Palência cativa por ser discreta e serena, por se revelar a cada momento e por servir, caso não fique satisfeito, como ponto de partida para uma visita a um património ímpar em toda a Europa, uma concentração de monumentos que é caso único no continente. É uma porta que se abre para o Românico.

- Valência?

Faça a experiência e verá como, desde que não se trate de alguém com nacionalidade espanhola, a simples menção do nome Palência conduz à pergunta:

- Valência?

Palência, capital da província homónima, município da Comunidade de Castela e Leão, localizada a menos de hora e meia de comboio de Madrid, é uma cidade com pouco mais de 80 mil almas que parecem viver as suas vidas de forma serena — talvez discreta seja a palavra mais correcta, ainda que se note, à medida que a vamos conhecendo, uma enorme capacidade para exibir os seus atractivos sem qualquer pudor.
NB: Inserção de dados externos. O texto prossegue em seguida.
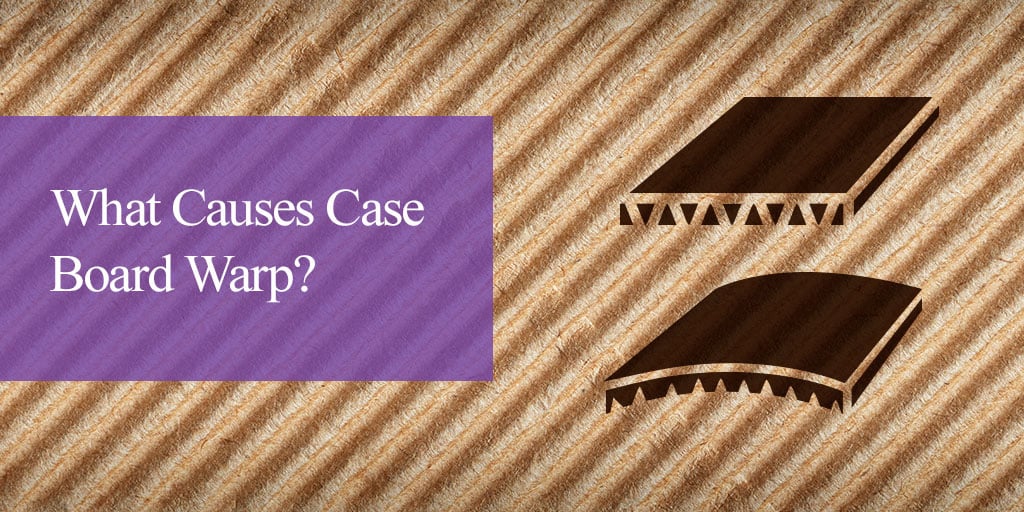 What causes case board warp?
Pelo menos é o que me sugere quando, mal a tarde começa a declinar, erro pelas ruas, observando as suas gentes sentadas nas esplanadas ou simplesmente caminhando enquanto escutam os lamentos do Carrión. Ou, mais para lá, uma vez cruzado o rio, ao longo do canal de Castela, verdadeira obra-prima da engenharia hidráulica do século XVIII, designado como Bem de Interesse Cultural desde Junho de 1991 e ainda hoje, tantos anos depois da sua construção, tão útil para a economia e para a população das províncias de Palência, Valladolid e Burgos, seja na rega ou no abastecimento de água — são mais de 200 mil aqueles que beneficiam do seu uso. 

O céu nocturno já quase nada mais me deixa ver, apenas a catedral, a esta hora com a sua fachada banhada por uma luz tímida que a envolve numa aura fantasmagórica e realçada pelo silêncio sepulcral que se sente na praça onde apenas se escuta, aqui e acolá, os passos de alguém que regressa a casa e não pousa um único olhar numa estrutura magnificente.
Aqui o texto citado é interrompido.